### Discussion Week 3

We will review an example that highlights the need of being proficient in xpath syntax, because we are not able to inspect the html using devtools. 

Consider the website [`https://imsdb.com/`](https://imsdb.com/). We want to scrape the links that are in the _Genre_ sidebar. Using devtools, we can inspect this element and find that its a child of `table/tbody`. 

In [None]:
import requests
import lxml.html as lx

In [None]:
result = requests.get('https://imsdb.com/')
result.raise_for_status

In [None]:
html = lx.fromstring(result.text)

In [None]:
html.xpath('//table/tbody')

The list is empty. Copying the xpath from devtools doesn't help either. Apparently, the html that the requests returns is not the same as the one rendered by Google Chrome. We can inspect whatever is being returned by checking the _Networks_ tab. 

While re-loading the webpage to monitor the communication in the _Networks_ tab, we note see that the html (for smaller dimensions which can be set in the upper left corner) is now rendered for mobile use. The sidebar with _Genre_ section is now missing. Going back to inspecting the html we see, that the genres are now listed as dropdown menu. The dropdown menu does not contain links, those are generated by a script. 

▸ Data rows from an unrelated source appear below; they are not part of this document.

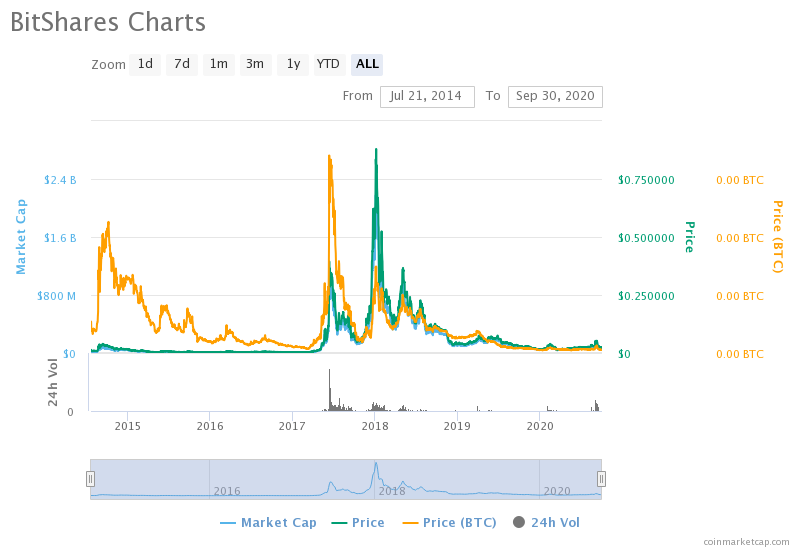 BitShares Blockchain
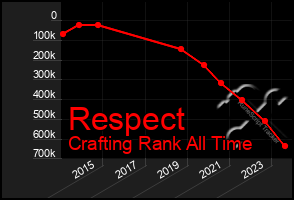 Total Graph of Respect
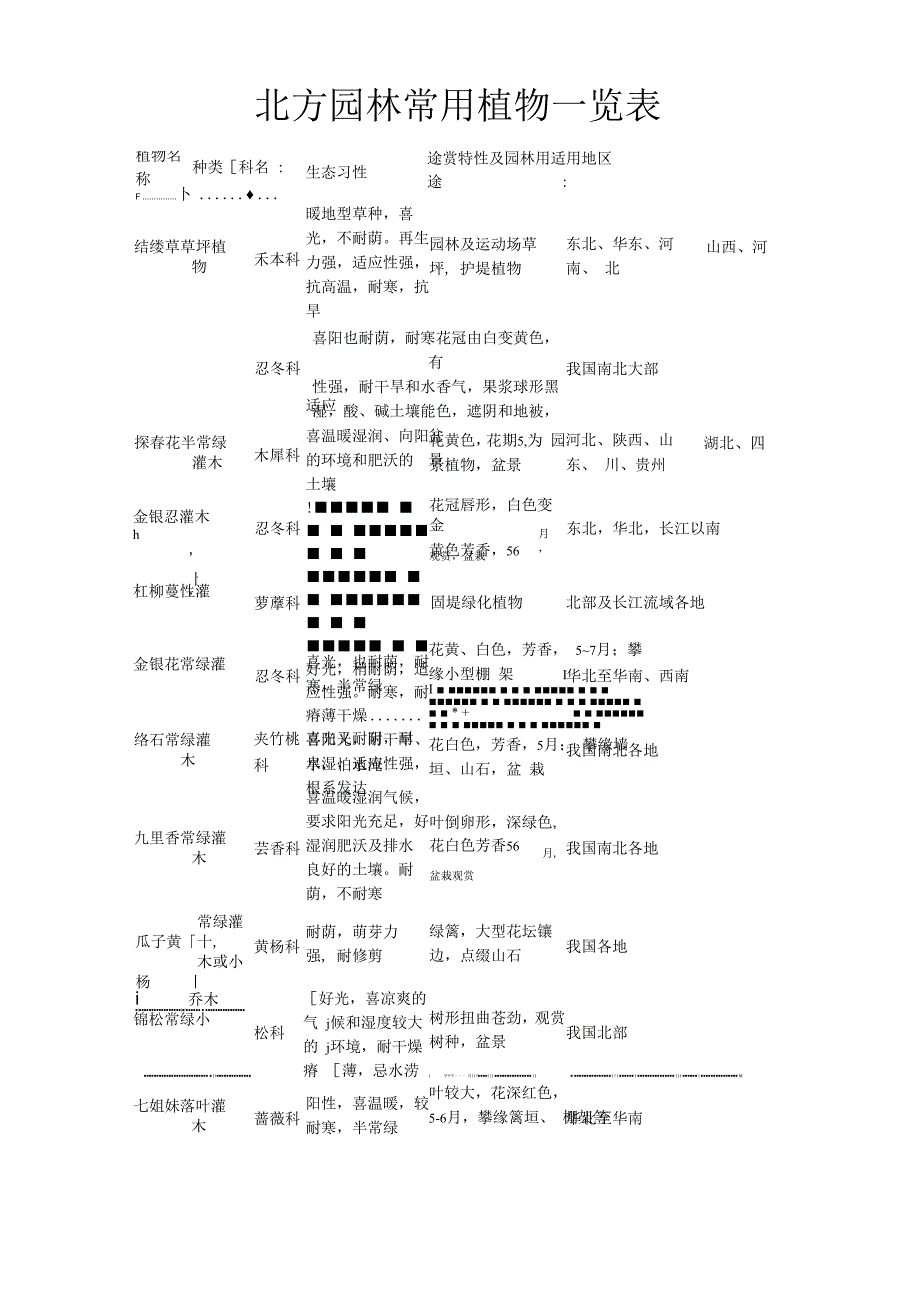 北方园林常用植物一览表_第1页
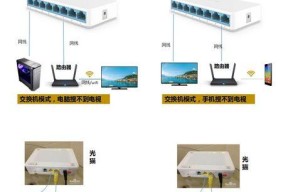 电视插网线安装路由器的步骤和注意事项是什么？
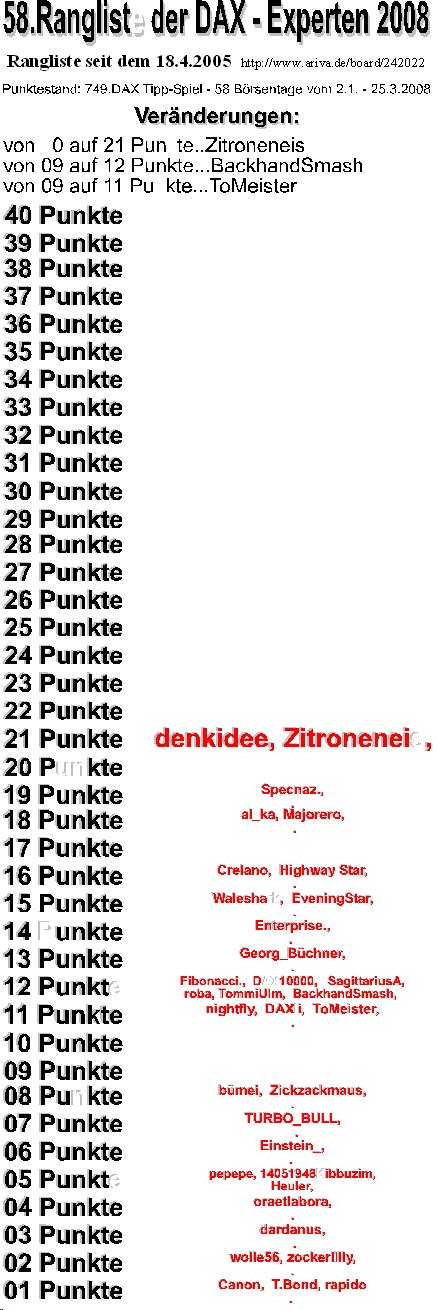 750.DAX Tipp-Spiel, Mittwoch, 26.03.08 156281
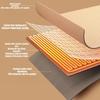 USB Electric Blanket Portable Warm Blanket Washable Shoulder Knee 2USE Fast Heating Winter Home Camping Warm Blanket 2026 New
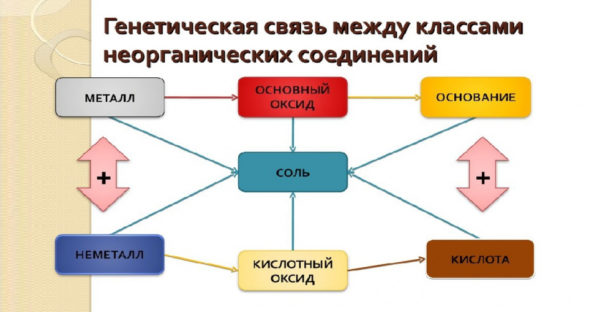 На примере схемы о генетической связи между классами неорганических соединений приведите 1 пример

Back to the network tab! Cycling through all requests, we find that the html is returned as `Document`, but no other data is transferred. Lets inspect the request, and navigate to its _Response_ tab. We can search it for the string `Genres`. We find three instances, but all preparing the script, none containing the links. While dealing with scripts was presented in todays lecture, we should adjust the dimensions (upper left corner) to something larger (e.g., _Nest Hub Max_). 

A new request will now return a different html. Searching for the string `Genre` will now find the corresponding table, its in a different element structure as in our first attempt. However, ... 

In [None]:
html.xpath('//td[text()="Genre"]')

Some whitespace characters prevent us from finding the element! (Direct inspection of `request.text` shows that its `"Genre\r\n"`! 

In [None]:
html.xpath('//td[contains(text(), "Genre")]') 

Now, how to get the correct anchors? 

In [None]:
html.xpath('//table[tr/td[contains(text(), "Genre")]]/tr//a/@href') 

Perfect! Now, consider the [_Interstellar_](https://imsdb.com/Movie%20Scripts/Interstellar%20Script.html) page. We want to retrieve the movie release year. After inspecting the html (it might not be accurate!), we find that the date is the content of a `<td>` element, but is cluttered between a variety of other elements. 

In [None]:
result = requests.get('https://imsdb.com/Movie%20Scripts/Interstellar%20Script.html')
result.raise_for_status

In [None]:
html = lx.fromstring(result.text)

In [None]:
html.xpath('//table[@class="script-details"]//td/text()') 

Its there, but how to we retrieve the correct element text? 

In [None]:
html.xpath('//b[text() = "Script Date"]/following-sibling::text()[1]')

From here, we will use regular expressions to extract the digits of the year. We will learn about regular expressions next week. In the meantime, become an xpath [ninja](https://topswagcode.com/xpath/)!

# Beautiful Soup

Beautiful Soup is a library that makes it easy to scrape information from web pages. It sits atop an HTML or XML parser, providing Pythonic idioms for navigating, searching, and modifying the parse tree.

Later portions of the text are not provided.